**What you have to do:**
Write out the lines below exactly, beginning at the one with "Bunny Ear Pet" and stopping after the one with "Nyuszifüles kosarak - ünnepi"; the pictures are not copied.

BEGIN Information

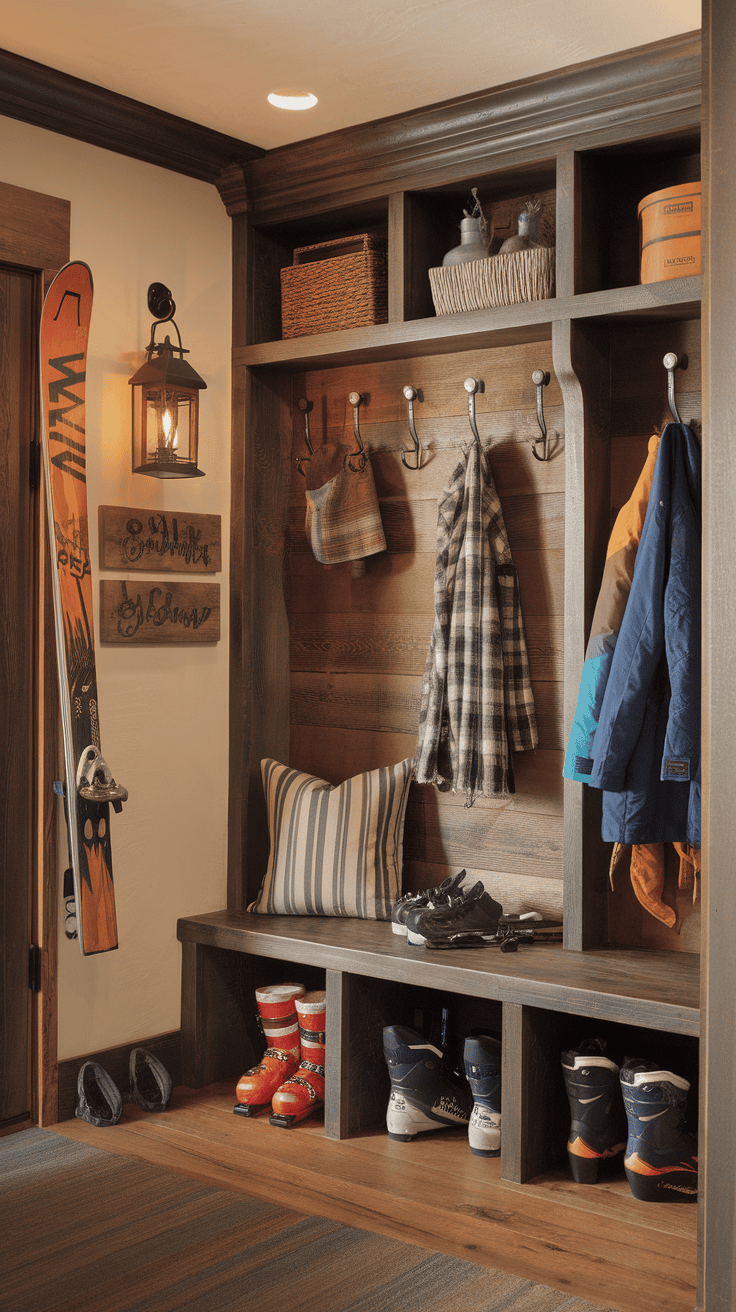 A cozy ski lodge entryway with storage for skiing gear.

END Information
BEGIN Information

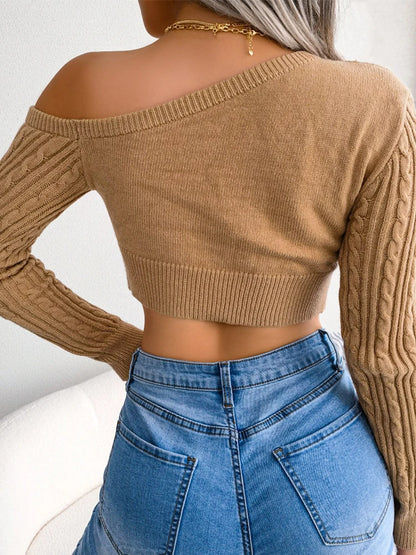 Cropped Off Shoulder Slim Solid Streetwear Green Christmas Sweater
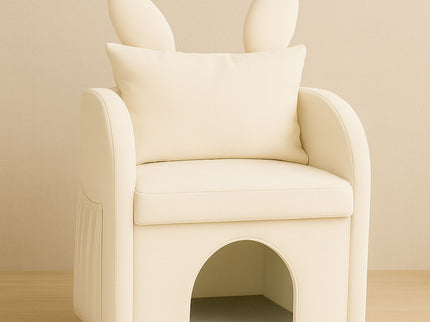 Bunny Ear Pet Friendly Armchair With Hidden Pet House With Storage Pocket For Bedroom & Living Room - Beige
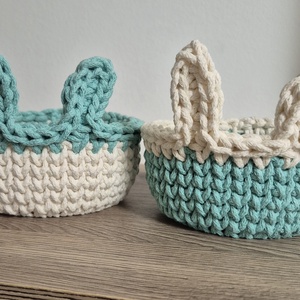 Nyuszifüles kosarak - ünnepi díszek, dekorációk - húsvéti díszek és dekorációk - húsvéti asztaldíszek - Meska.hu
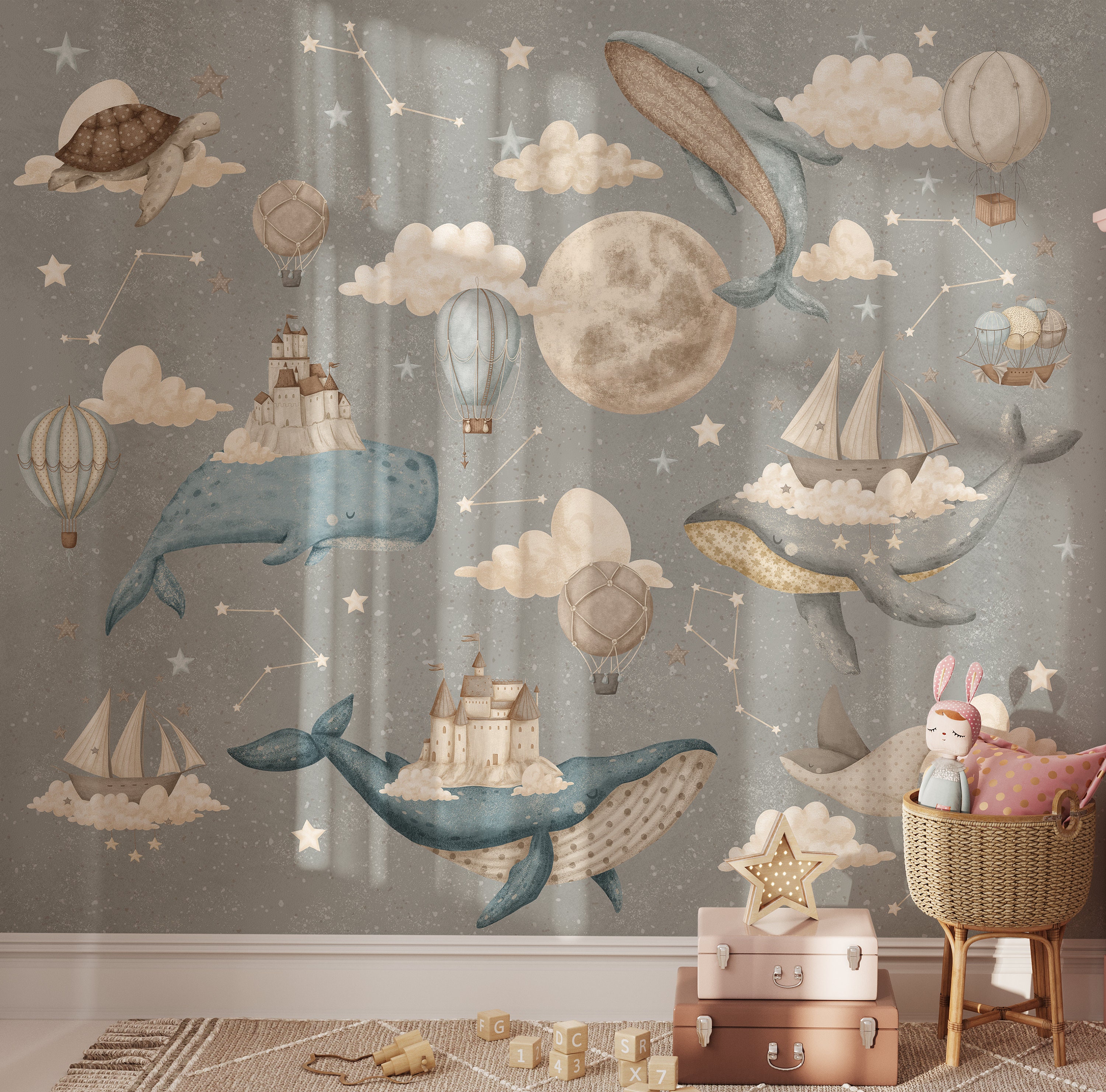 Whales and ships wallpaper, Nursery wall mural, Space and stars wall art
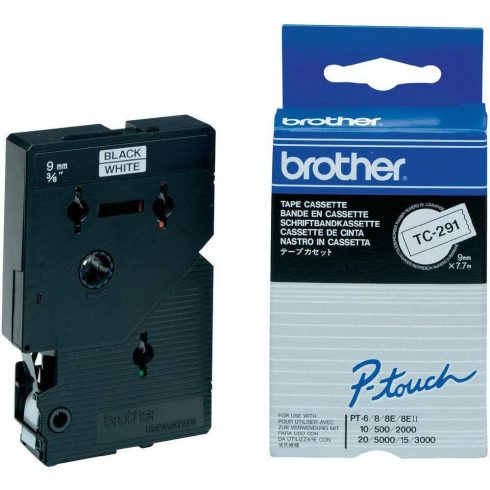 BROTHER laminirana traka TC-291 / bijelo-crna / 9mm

END Information
BEGIN Information

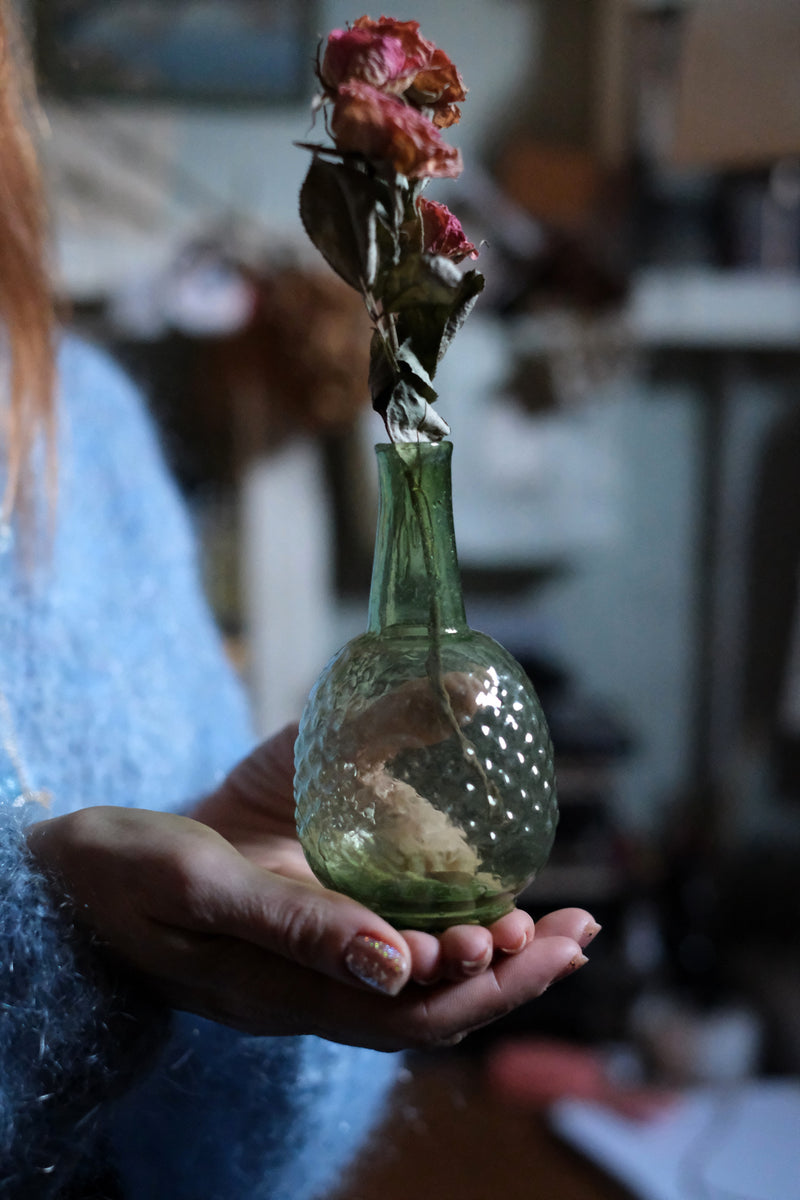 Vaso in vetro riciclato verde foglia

END Information

**Output of the task:**
 Bunny Ear Pet Friendly Armchair With Hidden Pet House With Storage Pocket For Bedroom & Living Room - Beige
 Nyuszifüles kosarak - ünnepi díszek, dekorációk - húsvéti díszek és dekorációk - húsvéti asztaldíszek - Meska.hu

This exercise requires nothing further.